U.S. Patent Awarded to Dr. Ellen Beswick
Jan 6, 2020 10:30 AMThe Department of Internal Medicine and the Division of Gastroenterology, Hepatology & Nutrition congratulates Dr. Ellen Beswick, PhD, on her new U.S. patent (#10,512,651) “Inhibition of MK2 in the Treatment of Cancer.” The patent was issued on December 24, 2019.
Dr. Beswick is the Associate Director of GI Research and the Director of the GI Tissue Bank in her division. She began working on MAP Kinase-activated protein kinase 2 (MK2) as a potential novel treatment approach for gastrointestinal cancers (GI) in her previous position at University of New Mexico.
Work in Dr. Beswick’s lab has shown that inhibition of the MK2 pathway has critical anti-inflammatory and anti-cell proliferation properties, making it a promising new therapeutic target for GI and potentially other cancers. However, blockade of this pathway could have less side effects than other more broad anti-inflammatory approaches currently used clinically. She has published that small molecule inhibitors of this pathway are protective in 3 unique models of colon cancer. Furthermore, her group has shown relevance of this pathway to multiple human GI cancers and is linked with metastasis and poor outcome.
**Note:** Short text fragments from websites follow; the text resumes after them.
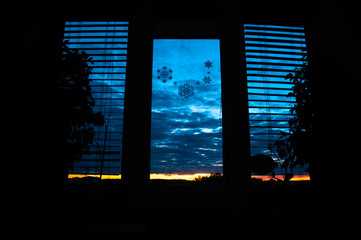 Beautiful dark blue-red sunset with clouds from the window of the house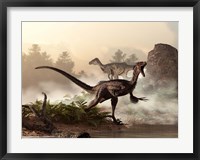 Framed pair of velociraptors patrol the shore of an ancient lake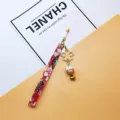 Japanese lucky cat phone charm with red floral strap and golden sakura bell pendant. - Independent OPP Bag Packaging / Pink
During her time at University of New Mexico, Dr. Beswick began to discover the previously unstudied role of this pathway in regulating the immune system and was encouraged to patent a small molecule treatment approach due to strong preclinical models. In moving to her current position, Dr. Beswick has continued to make progress in understanding immune regulation by this pathway that could be harnessed for other diseases. With her GI Division and made possible by the GI Tissue Bank, which she directs in collaboration with Dr. Kathryn Peterson, she has been able to progress in examining blockade of this pathway as a potential target for inflammatory bowel disease with potential in other inflammatory GI Diseases.
Developing the patent for the small molecule treatment approach has been the first step in progressing the treatment approach toward patients. She hopes to work closely with her colleagues in the GI Division and the Huntsman Cancer Institute to advance the treatment approach to clinical trial.